As a reality check, we cross referenced our putative enhancer list with several established enhancer sites that were experimentally confirmed. Our approach correctly predicted an established intronic enhancer on the Slc30a8 gene, which was demonstrated to be regulated in part by the Pdx1 transcription factor (Fig-9C) [96]. Our approach also correctly predicted a previously identified promoter-proximal enhancer region targeting Pdx1, with co-occurring binding sites for islet transcription factors Insm1, Neurod1, and Foxa2 (Fig-9D) [77]. This validated the use of the epiRomics approach to predict novel, not previously identified enhancer regions.
We investigated cell-specific or common putative enhancer candidates, starting with those with the highest number of transcription factor co-binding sites from our list. One of the top predicted beta cell-unique putative enhancer regions is located on the sixth exon of the Slc35d2 gene and aligns with eight different ChIP co-localization binding sites (Fig-10A). An alpha cell-unique putative enhancer located at a distal-intergenic region ~ 30kb upstream of Dusp10, overlapped precisely with six sites of co-binding from various transcription factors (Fig-10B).
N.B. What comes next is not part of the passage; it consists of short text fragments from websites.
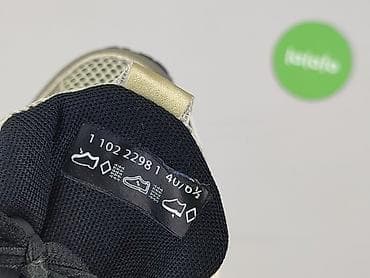 trampki daichman: Sneakersy damskie, rozmiar 40 — 7
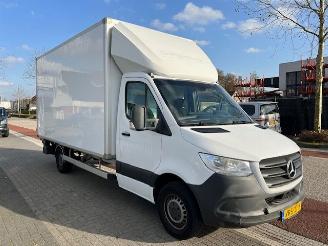 Mercedes Sprinter 315 CDI 110KW AUTOM.  KOFFER LAADKLEP LBW KLIMA picture 5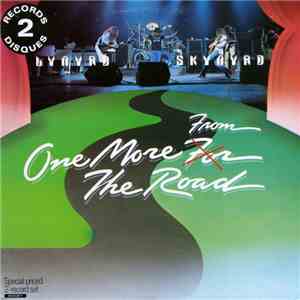 Lynyrd Skynyrd - One More From The Road mp3 album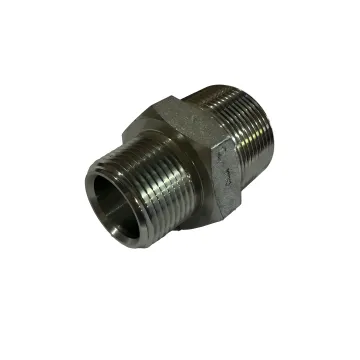 3069X20X16 | #20 NPT M to #16 NPT M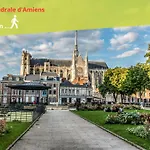 Spacieux Appartement 3 Chambres Au Pied De La Gare
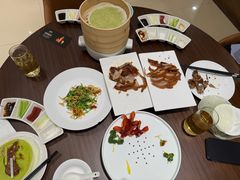 -全聚德(上海首店浦东店)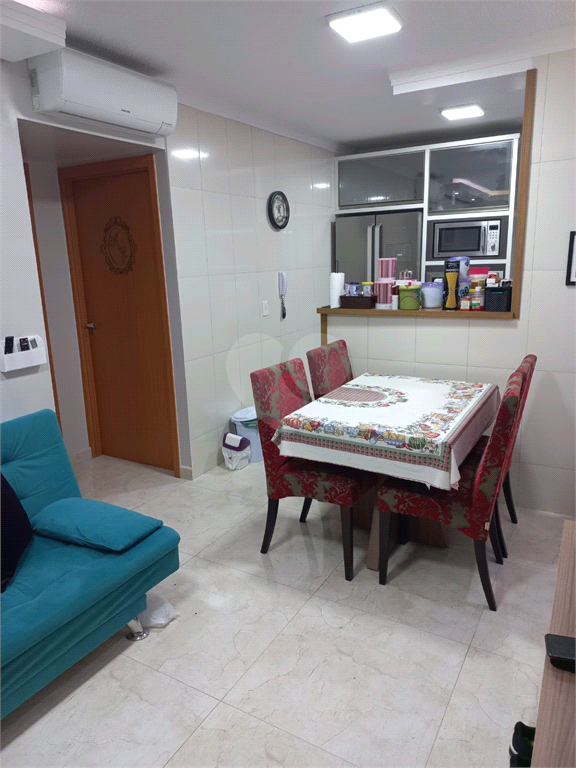 Venda Apartamento Gravataí Passo Das Pedras REO816037 7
A delta cell-unique region at a distal-intergenic enhancer region ~ 21kb upstream of Gm20745 aligned closely with no fewer than 12 sites of co-binding from multiple transcription factors. (Fig-10C). And finally, a common enhancer located ~ 32kb upstream of Snap25 – a gene expressed in alpha, beta, and delta cells, associated with a total of 17 co-binding sites of aggregated transcription factors. (Fig-10D).
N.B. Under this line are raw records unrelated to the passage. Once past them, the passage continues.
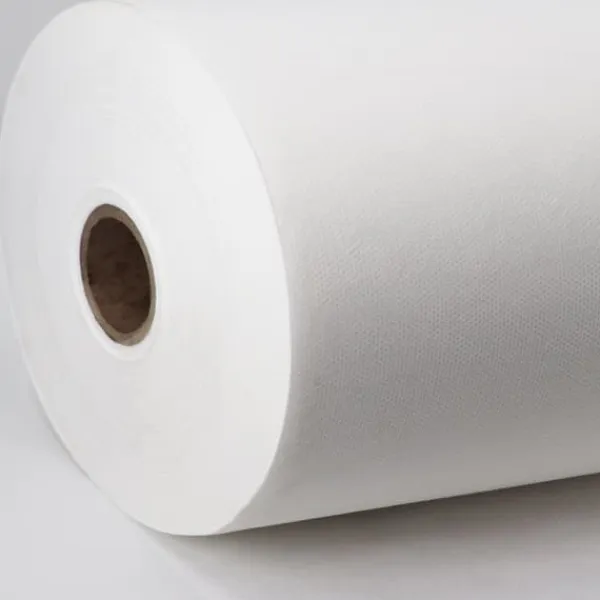 Haveduge^70 m² Havefleece Ukrudtsbekæmpelsesstof Ukrudtsforing Mulchstof 150 g/m² hvid 1 m bred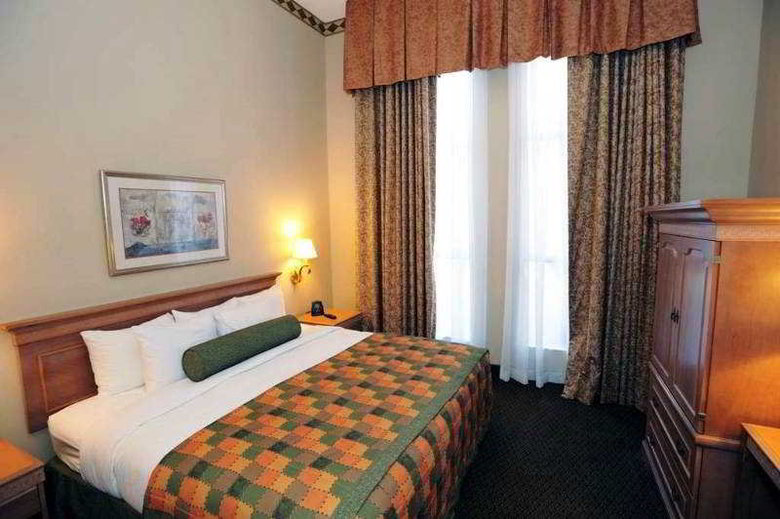 Hotel Embassy Suites Jacksonville - Baymeadows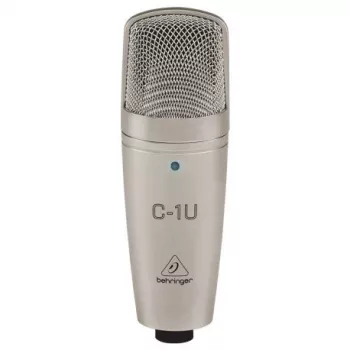Mikrofón Behringer C-1U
We noted further examples of enhancer regions that are inaccessible to beta, but present in both alpha and delta (Fig-S9A) cells, or others with chromatin accessibility across all cell types with an adjacent, intronic enhancer region uniquely available to beta cells alone (Fig-S9B). In particular, the Slc2a2 gene shares common open chromatin across alpha, beta, and delta cells. However, beta cells have a gained accessible chromatin region on the first intron identified as a putative enhancer and which overlaps with six co-binding sites. Finally, we noted more putative regions that were enriched in both alpha and beta cells, and present in delta cells as well (Fig-S9C-D).